Liberals believe that things depend on what the definition of “is” is.

Liberals do not believe in objective truth, as writer/comedian Evan Sayet writes in the opening paragraph of his book, “The Kindergarden of Eden”. If there is no objective truth, and words don’t mean what they say, and can be interpreted to mean something other than what they say, then the Constitution suddenly becomes a “living document”.

And suddenly, everything our nation was founded on goes out the window. It’s not like the Founding Fathers just spit-balled around a table and threw everything into the Constitution. It was written by the greatest minds in a tortured and highly political process.

Yes, the Constitution is open to some degree of interpretation because of the deliberate ambiguity in some portions of the text. Yet the point of originalism is to avoid drawing inferences from a statute and rely on the text itself. Scalia said, “the Constitution, or any text, should be interpreted [n]either strictly [n]or sloppily; it should be interpreted reasonably”.

There are far greater intellects that have examined and explained originalism. The point here is that Liberal philosophy throws away the entire approach, and relies on whatever a judge fancies at the time, whatever is in the zeitgeist, and even whose feelings might be hurt if a certain decision is handed down.

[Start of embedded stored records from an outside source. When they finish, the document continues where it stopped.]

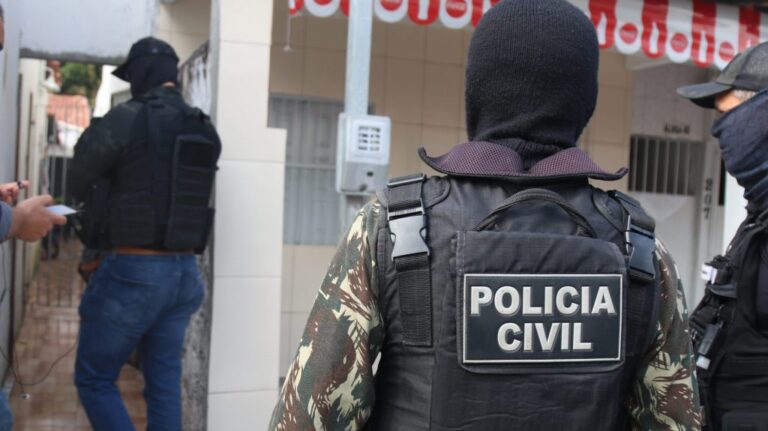 Preso três vezes por furtos tem prisão preventiva decretada em Lagarto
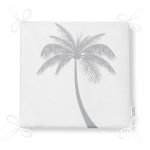 - httpsrealarge.comserdarMinderFermuarli-KareFrm-5228gri-Gorsel12-Gorsel-4 - Realhomes Beyaz Zeminde Gri Palmiye Desenli Modern Fermuarlı Sandalye Minderi Realhomes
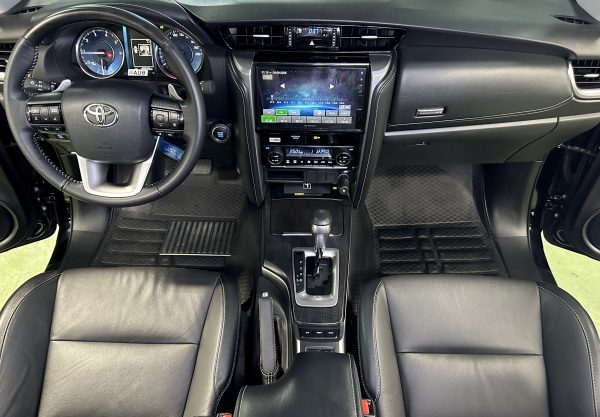 2025 Toyota Fortuner Q 2.8L Diesel A/T (Face-lifted) - Image 19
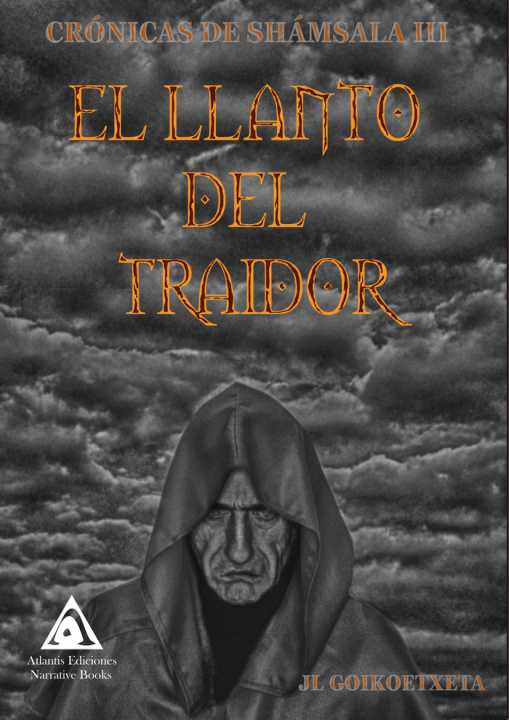 Kniha El llanto del traidor Goikoetxeta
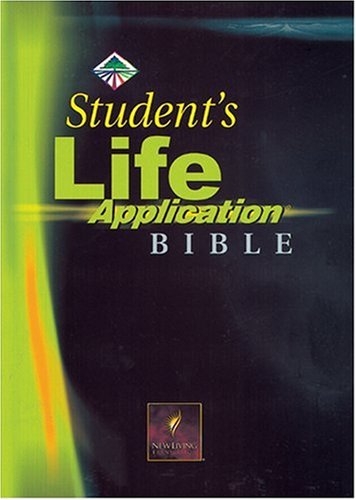 Algopix Similar Product 1 - Student's Life Application Bible: NLT1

One thing we can be certain of: the Founders did not intend the Constitution to be interpreted according to a jurist’s feelings. Consider the dangers of such an approach. The Second Amendment becomes as equally vulnerable as the Thirteenth. The former could be interpreted in such a manner as to prevent individual ownership of firearms, while the latter could be interpreted as being outdated and irrelevant, and return African-Americans to slavery.

The late Justice William Rehnquist, in “The Notion of A Living Constitution”, wrote, “A mere change in public opinion since the adoption of the Constitution, unaccompanied by a constitutional amendment, should not change the meaning of the Constitution. A merely temporary majoritarian groundswell should not abrogate some individual liberty truly protected by the Constitution.”

Rehnquist warned of judges overstepping the role that the Constitution set out for them, writing, “[What if] Judges then are no longer the keepers of the covenant; [but] instead they are a small group of fortunately situated people with a roving commission to second-guess Congress, state legislatures, and state and federal administrative officers concerning what is best for the country?”

Indeed, this is where the courts have gone off the rails. If We The People desire a certain social goal, then let it be done via the legislative branch, not by an unelected judiciary deciding what is best for society. If nobody can get that law passed, then that’s just too bad. It isn’t a court’s place to pass it for us.

Perhaps students of the Dred Scott decision will recall that the Court essentially said the decisions regarding what territories were to be free, and which were to recognize slavery, were never for Congress to have decided in the first place. Is that what we really want?

Thus, there should be no need to politicize any Court appointment. Only originalists should be considered to be qualified candidates.